(Stored data entries)
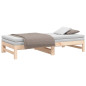 Lit coulissant sans matelas 2x(90x190) cm Bois de pin massif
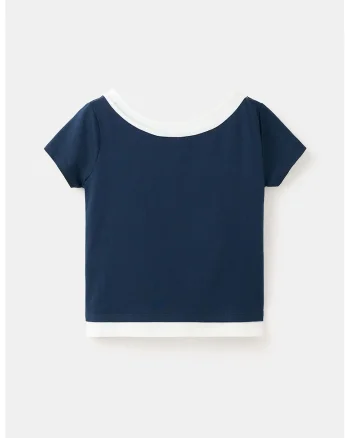 Tricou uni cu decolteu rotund, Alb optic/Bleumarin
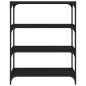 vidaXL Estantería madera contrachapada y acero negro 80x33x100 cm vidaXL Estantería madera contrachapada y acero negro 80x33x100 cm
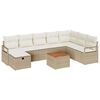 vidaXL Tr&auml;dg&aring;rdsoffset 9 st Beige konstrotting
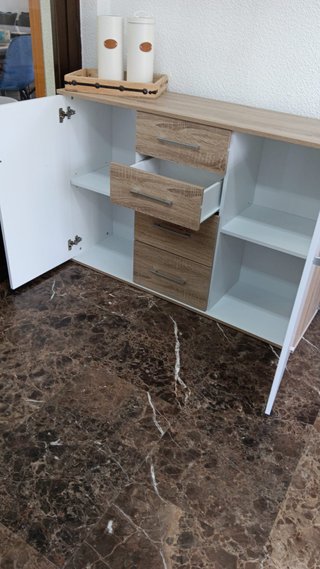 Aparador Multiusos Blanco y Madera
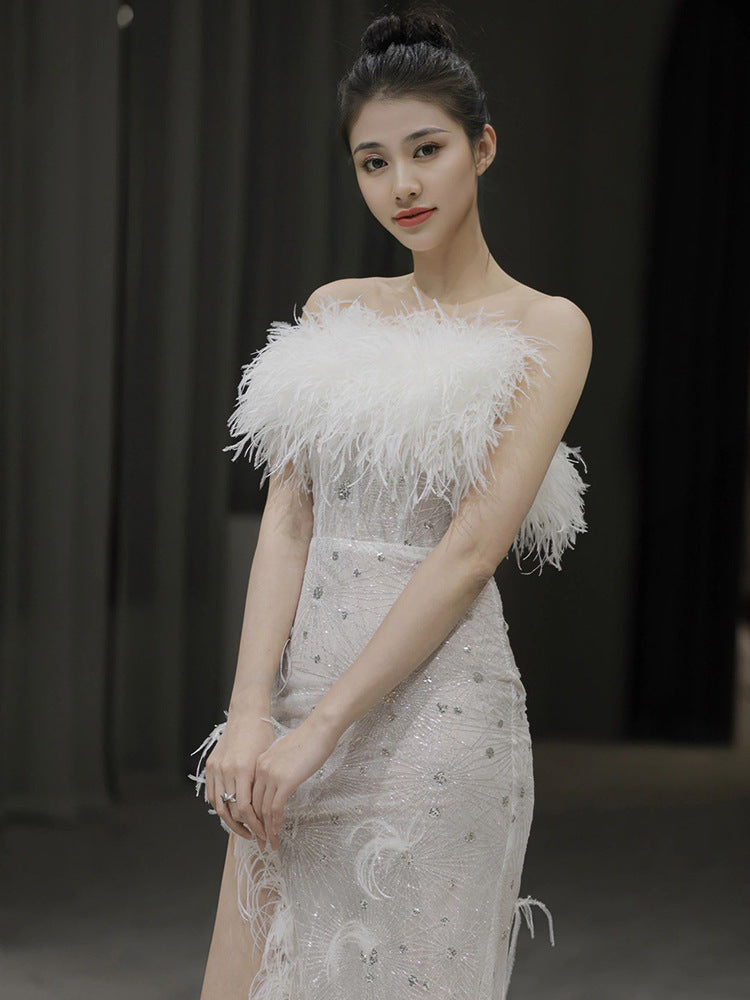 Robe de soirée sexy sans manches à plumes pour femme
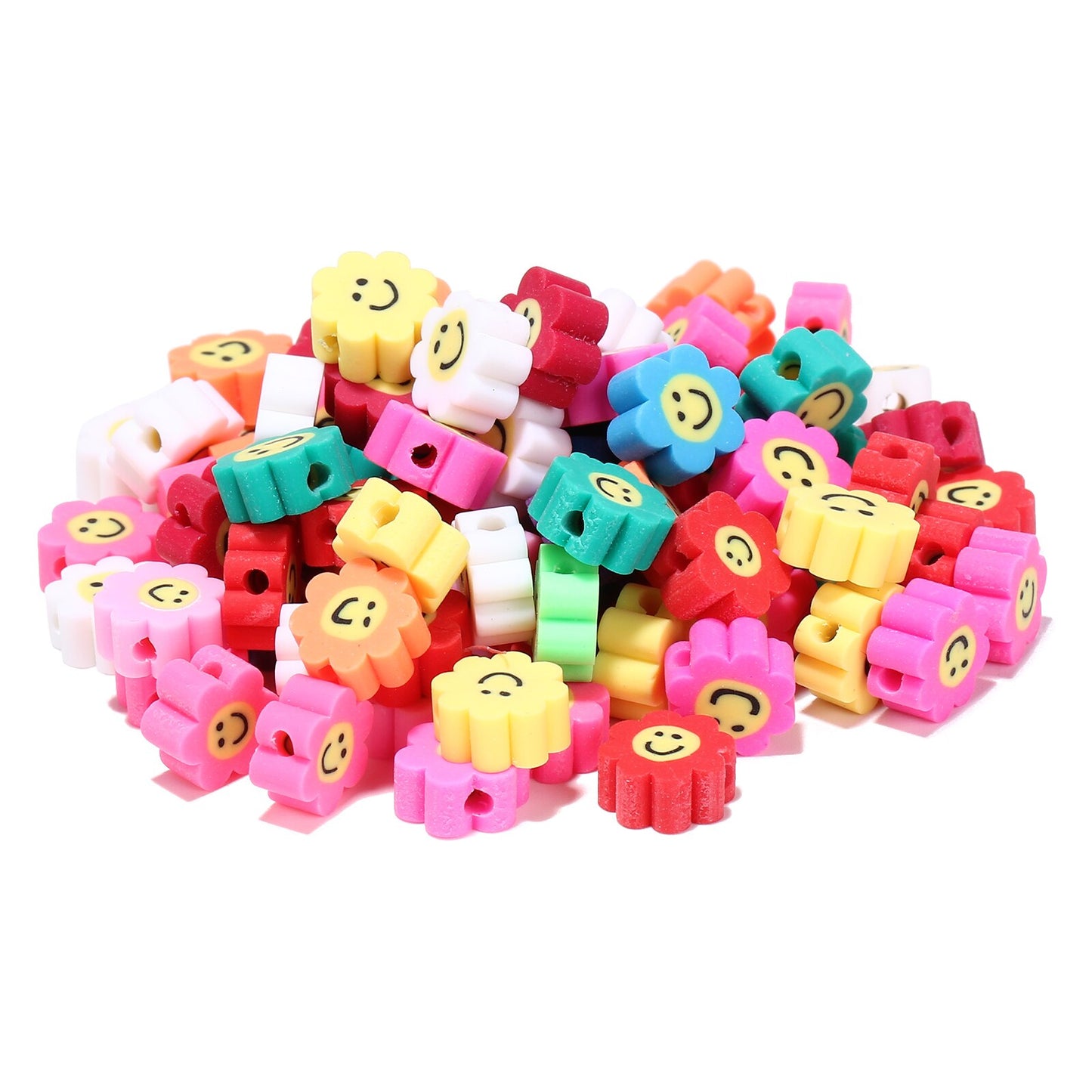 50pcs/lot Cartoon Flowers Evil Eye Polymer Clay Spacer Beads for Women Girls Jewelry Making DIY Bracelet Necklace Accessories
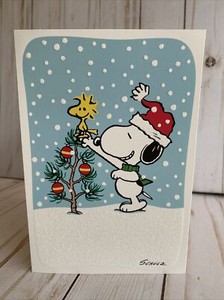 Snoopy Woodstock Smiling Christmas Tree Glittered Snow Card Hallmark New Ebay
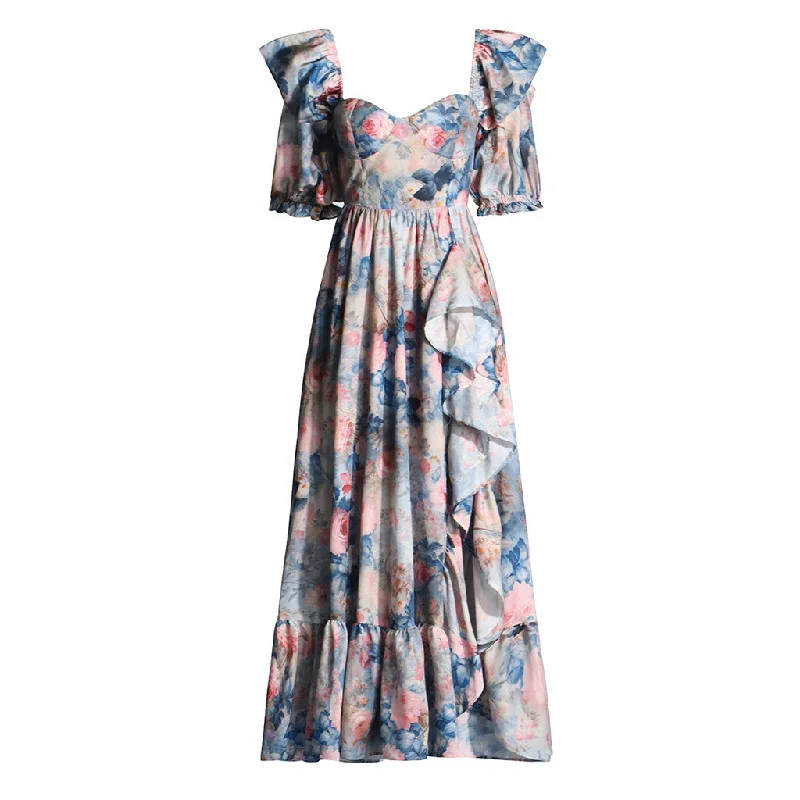 Halter DressVintage Floral Print Sweetheart Puff Sleeve Ruffle Split Maxi Vacation Dress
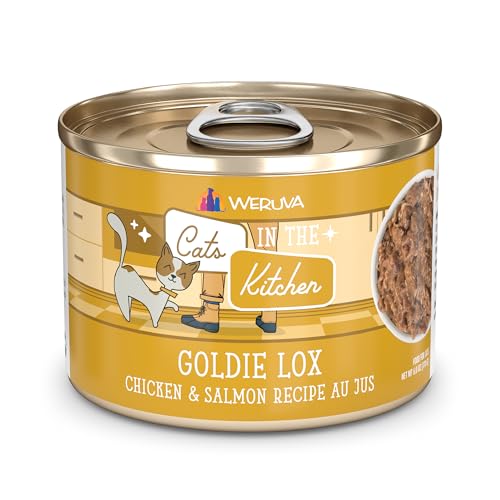 Weruva Cats in The Kitchen, Goldie Lox with Chicken & Salmon Au Jus Cat Food, 6oz Can (Pack of 24)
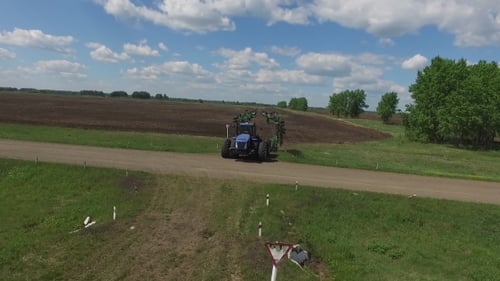 Tractor Corn Field Road Agriculture Machinery Farming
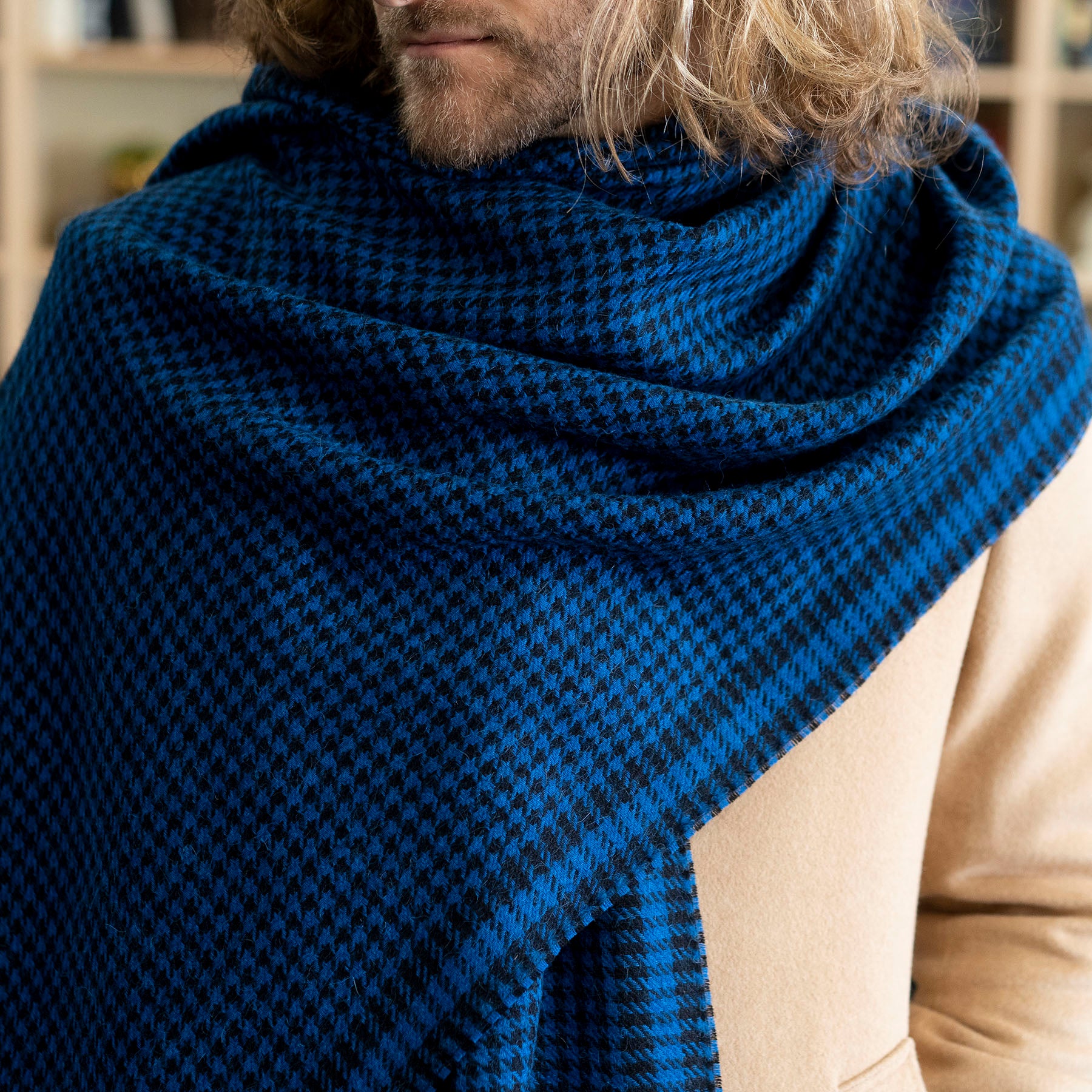 Alpaca Houndsooth Stoles Extra Long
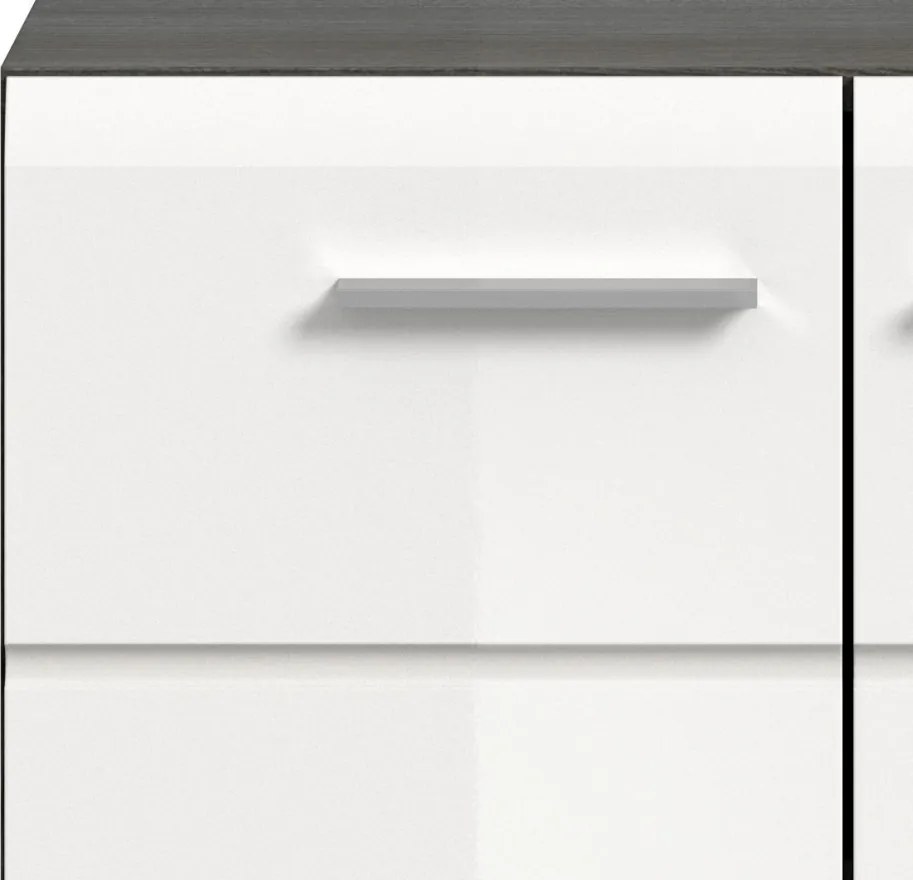 Skrinka Salsa, 60 cm, šedý dub/biela lesk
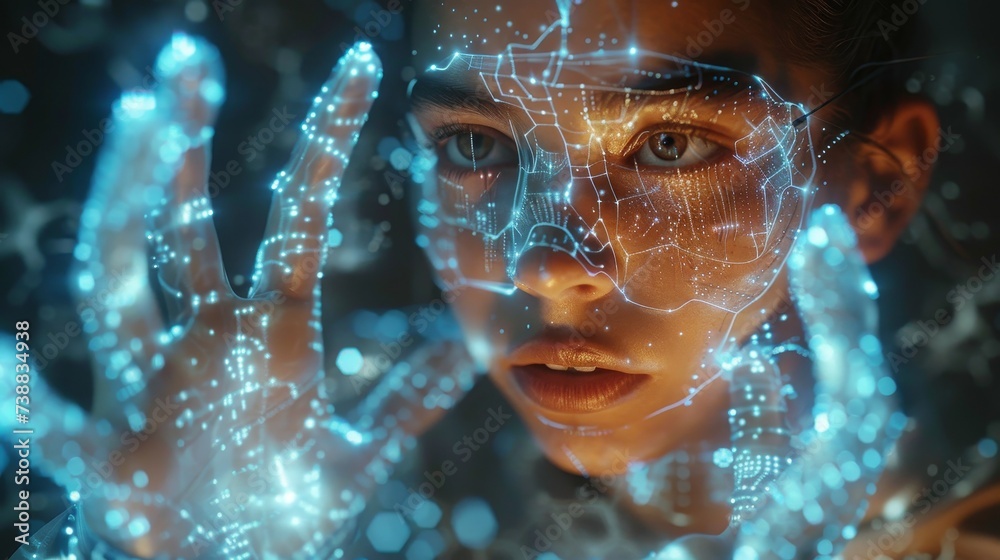 Poster Using Glasses to touch objects for experiences in a metaverse virtual world. Futuristic theme.
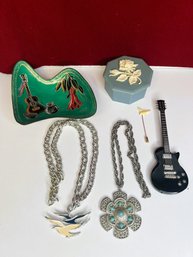 E/ Box 6 Unique Pieces - Guitar Lighter, Guitar Ashtray, Necklaces, Bird Stickpin, Trinket Box Etc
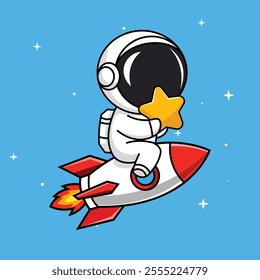 Cute Astronaut Riding Rocket with Star in Space Cartoon Vector. 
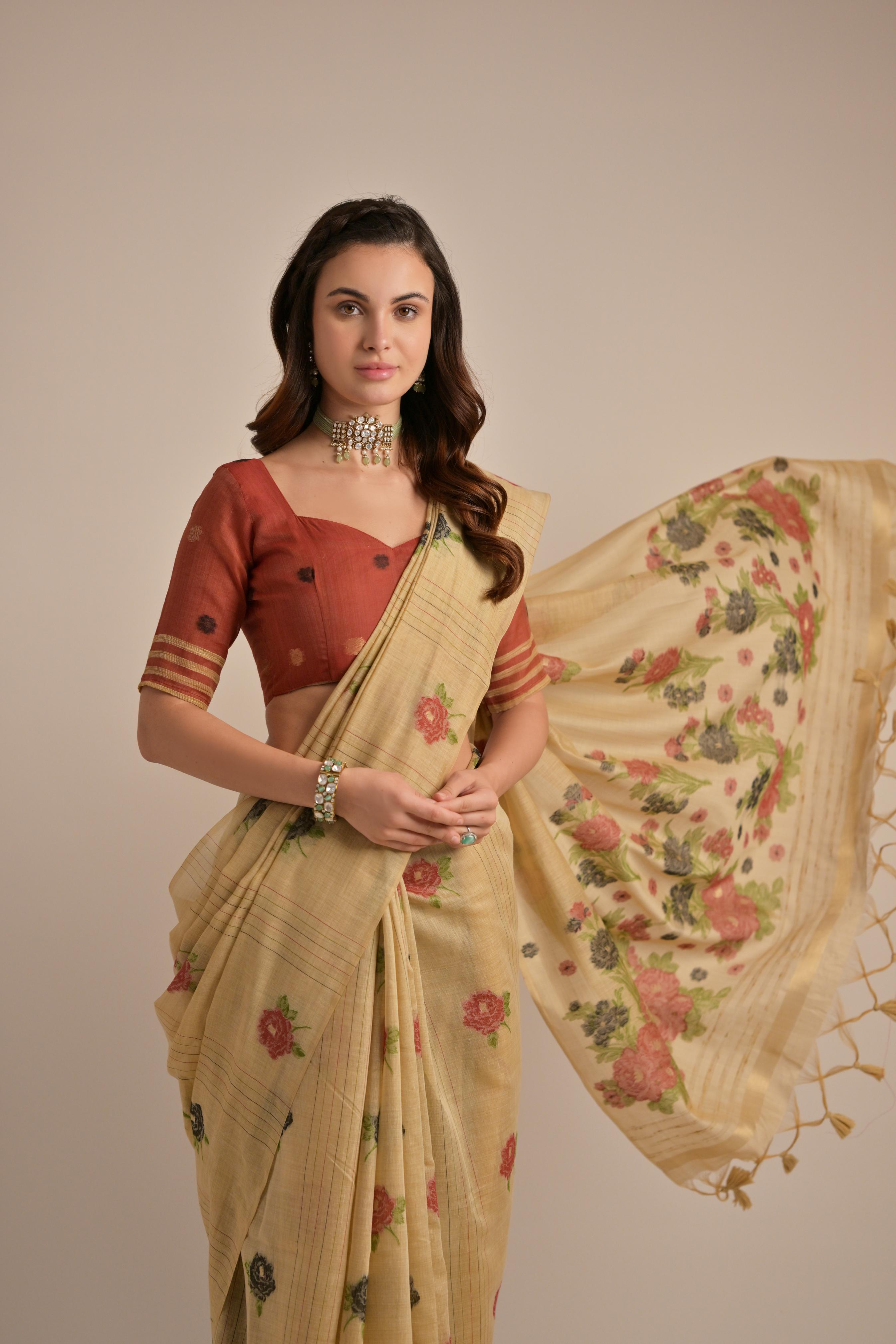 Mustard Yellow Floral Woven Muga Cotton Saree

*WHAT THE TASK REQUIRES*: Could you reproduce the entries verbatim, leaving out all pictures?

*YOUR RESPONSE*:
 Lit coulissant sans matelas 2x(90x190) cm Bois de pin massif
 Tricou uni cu decolteu rotund, Alb optic/Bleumarin
 vidaXL Estantería madera contrachapada y acero negro 80x33x100 cm vidaXL Estantería madera contrachapada y acero negro 80x33x100 cm
 vidaXL Tr&auml;dg&aring;rdsoffset 9 st Beige konstrotting
 Aparador Multiusos Blanco y Madera
 Robe de soirée sexy sans manches à plumes pour femme
 50pcs/lot Cartoon Flowers Evil Eye Polymer Clay Spacer Beads for Women Girls Jewelry Making DIY Bracelet Necklace Accessories
 Snoopy Woodstock Smiling Christmas Tree Glittered Snow Card Hallmark New Ebay
 Halter DressVintage Floral Print Sweetheart Puff Sleeve Ruffle Split Maxi Vacation Dress
 Weruva Cats in The Kitchen, Goldie Lox with Chicken & Salmon Au Jus Cat Food, 6oz Can (Pack of 24)
 Tractor Corn Field Road Agriculture Machinery Farming
 Alpaca Houndsooth Stoles Extra Long
 Skrinka Salsa, 60 cm, šedý dub/biela lesk
 Poster Using Glasses to touch objects for experiences in a metaverse virtual world. Futuristic theme.
 E/ Box 6 Unique Pieces - Guitar Lighter, Guitar Ashtray, Necklaces, Bird Stickpin, Trinket Box Etc
 Cute Astronaut Riding Rocket with Star in Space Cartoon Vector. 
 Mustard Yellow Floral Woven Muga Cotton Saree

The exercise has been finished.